しかし、今回、もう1人、殿堂入りの候補がいた。金容植氏である。1936年ベルリン五輪で、スウェーデンを破ったときの日本代表のメンバーである。ちなみに、竹内悌三氏もベルリン五輪のメンバーである。金氏は、当時、日本の植民地だった朝鮮から、ただ1人五輪日本代表に選ばれた。五輪後も日本代表として活躍し、戦後は韓国代表の監督も務めた、日本サッカーの功労者と同時に、韓国サッカーの誇りといえる人物だ。

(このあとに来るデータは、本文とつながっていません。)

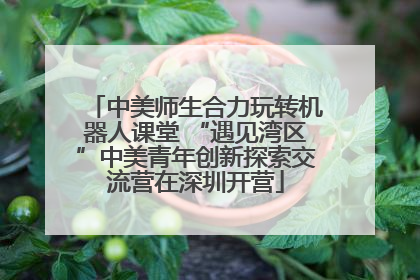 中美师生合力玩转机器人课堂 “遇见湾区”中美青年创新探索交流营在深圳开营
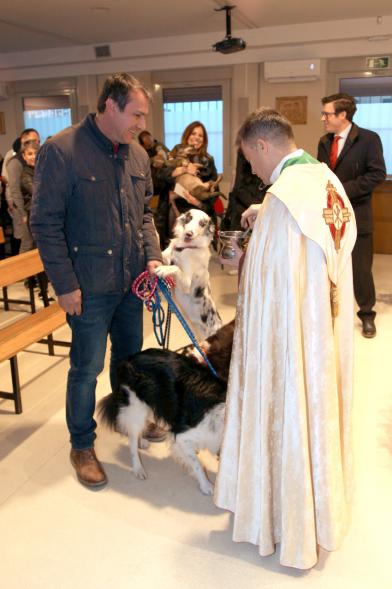 Bendición de Animales por San Antón en la Parroquia San Juan XXIII - Imagen de una persona acercando a sus perros para que el cura les bendiga.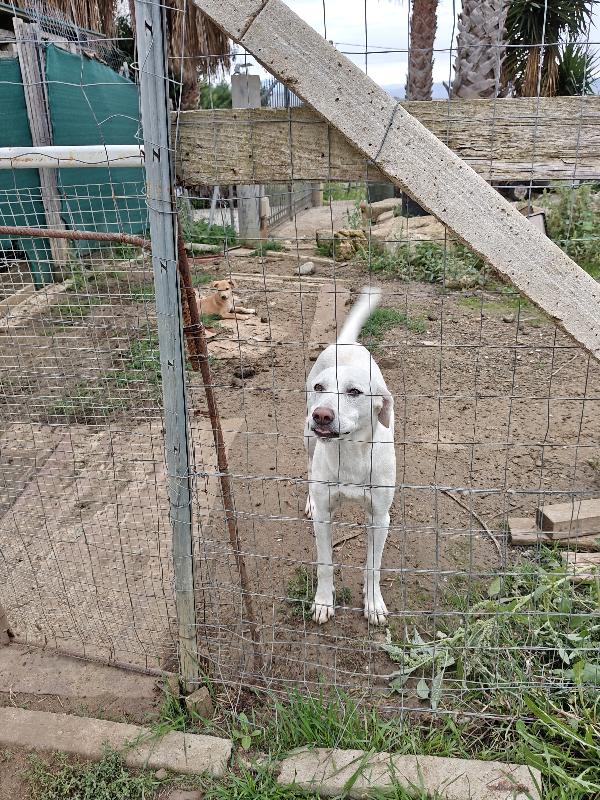 Pippo cerca CASA  Foto 4
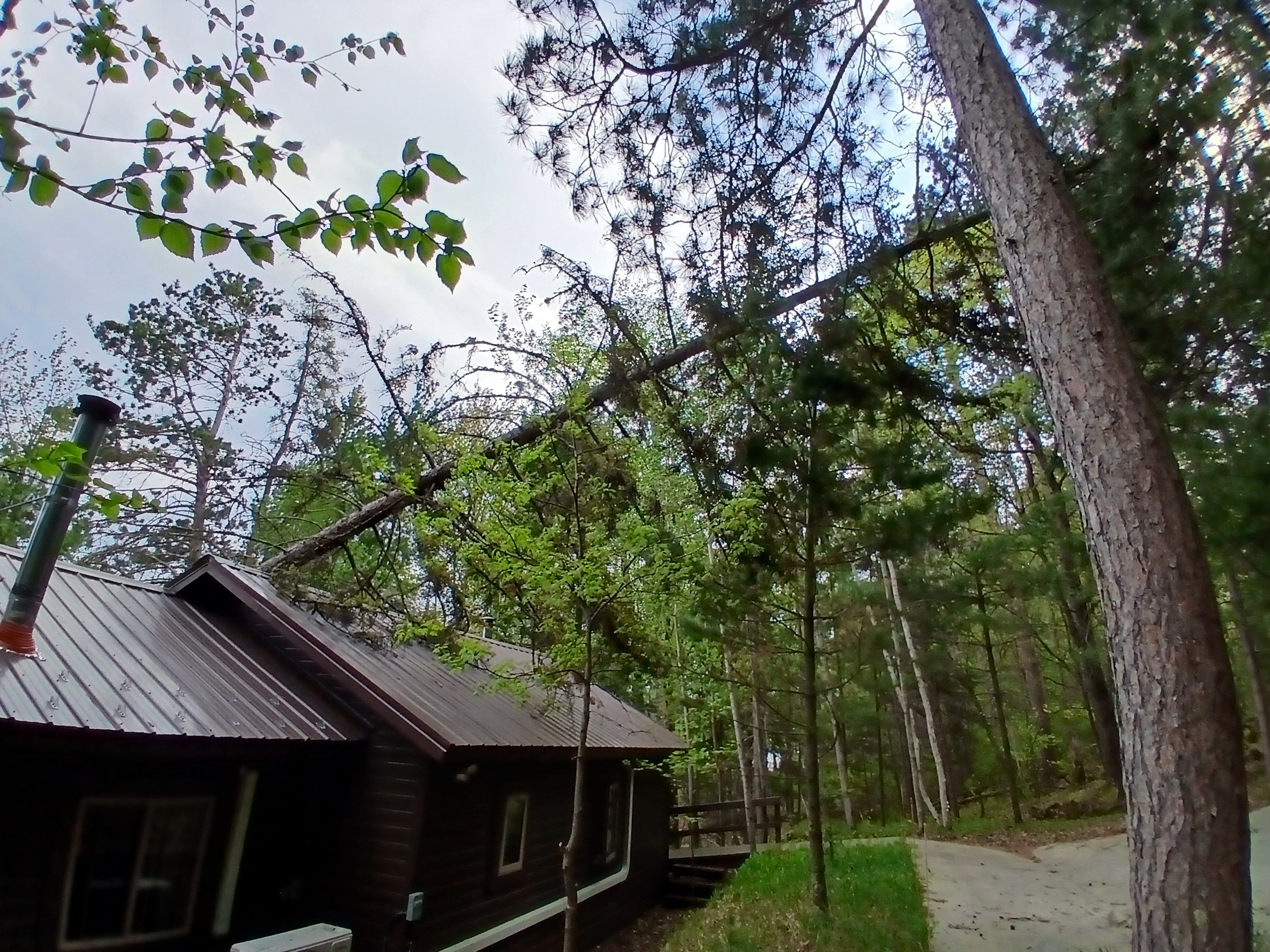  for Dan's Tree Service LLC in Bemidji, MN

日本サッカーからみれば、その功績に疑いはない。しかし、韓国側からみて、金氏が「日本サッカー殿堂」に入ることは、どういう気持ちなのだろうか。植民地、朝鮮から選抜され、日の丸のユニフォームで活躍したことを称えられるのである。複雑なことは間違いない。
日本サッカー協会からの打診に対して、金氏のご家族からは、すでに韓国サッカー協会の殿堂入りをしているという理由で、「丁重なお断り」があったそうだ。しかし、本当の理由が、それだけでないことは容易に想像がつく。
2002年の日韓ワールドカップのおかげで、近くなった日本と韓国の心の距離だが、歴史のなかに残る距離までが縮まったわけではない。ぼくたちは、そのことをきちんと認識しておかなければならない。